Norway: 10 missing, including children, after landslide disaster
At least 10 people, including children, are missing after a landslide in southern Norway swept away more than a dozen buildings in the early hours of Wednesday, police said.
A rescue operation continued overnight with drones and helicopters, police said, adding at least 10 people were injured in the disaster, one of them critically.
The landslide struck a residential area in the municipality of Gjerdrum, about 30km (19 miles) north of the capital, Oslo. Police said 700 people had been evacuated from the area.
Photos of the site showed a large crater with destroyed buildings at the bottom of it. Other buildings hung on the edges of the crater, TV footage showed.
Two more houses collapsed into the crater on Wednesday afternoon, broadcaster NRK reported.
“It is a catastrophe,” Prime Minister Erna Solberg told reporters after visiting the site.
“There could be people trapped … but at the same time we can’t be sure because it is the New Year’s holiday, which means people could be elsewhere,” she said, adding that rescue operations could take a long time.
“The situation is still so unstable that it is impossible to do any (rescue) effort other than from helicopters.”
In a tweet on Wednesday, she wrote: “It hurts to see how the forces of nature have ravaged Gjerdrum.”

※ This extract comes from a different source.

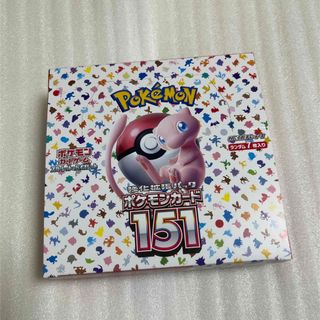 ポケモンカードゲーム　ポケモンカード151   1箱(Box/デッキ/パック)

Helicopters continued to hover over the area as night fell, at times lowering emergency responders towards the debris of collapsed houses. Police said rescue operations would continue through Wednesday night into Thursday.

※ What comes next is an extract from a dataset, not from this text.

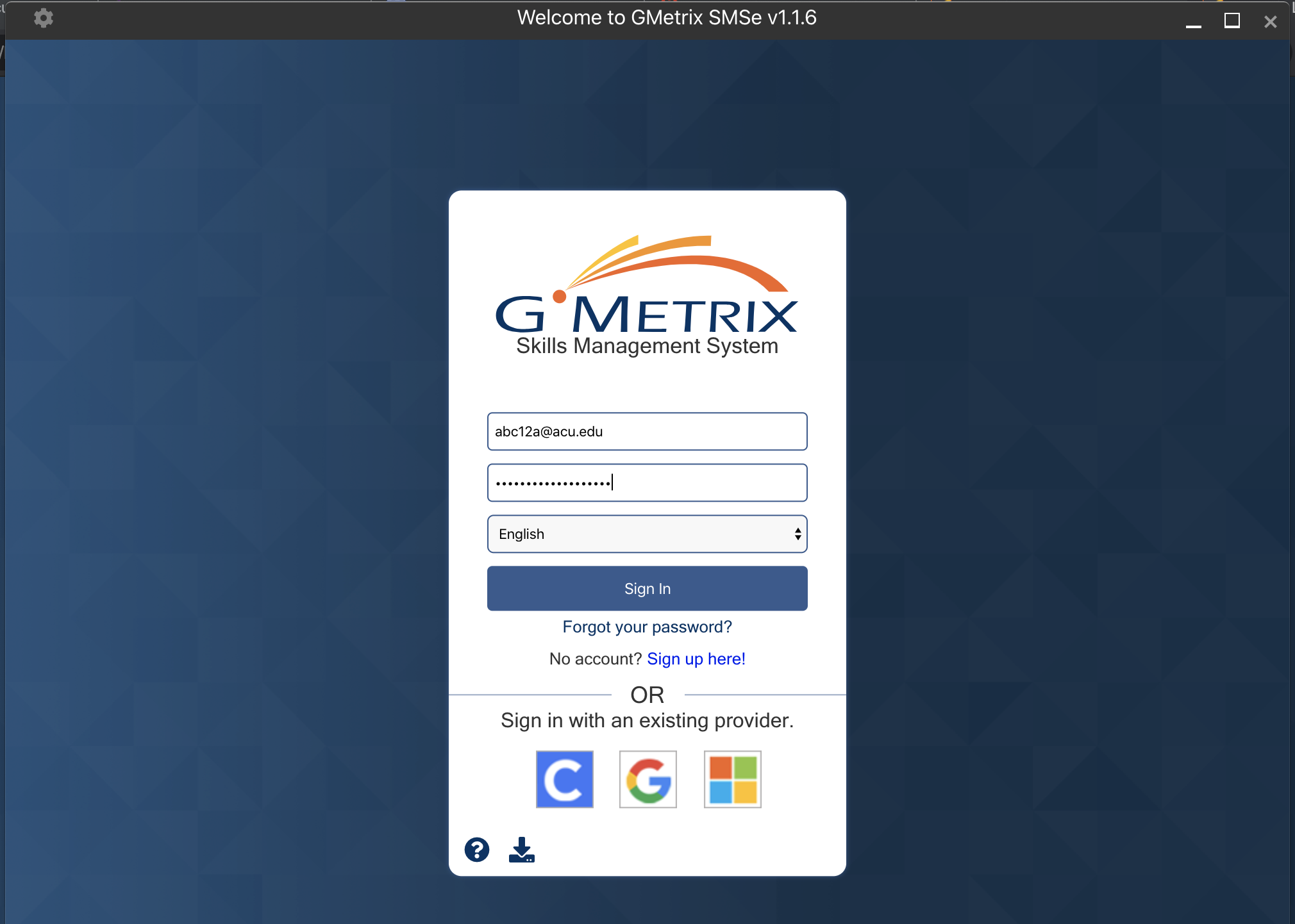 gmetrix download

Residents spoke of their experience.
“There were two massive tremors that lasted for a long while and I assumed it was snow being cleared or something like that,” Oeystein Gjerdrum, 68, told NRK.
“Then the power suddenly went out, and a neighbour came to the door and said we needed to evacuate, so I woke up my three grandchildren and told them to get dressed quickly.”
Masses of earth are still moving in what has been one of the largest clay slides in recent Norwegian history, Toril Hofshagen, the regional head of the Norwegian Water Resources and Energy Directorate, told a news conference.
Southern Norway has seen large amounts of precipitation in recent days, which may have caused the clay soil prevalent in the area to shift, broadcaster NRK said.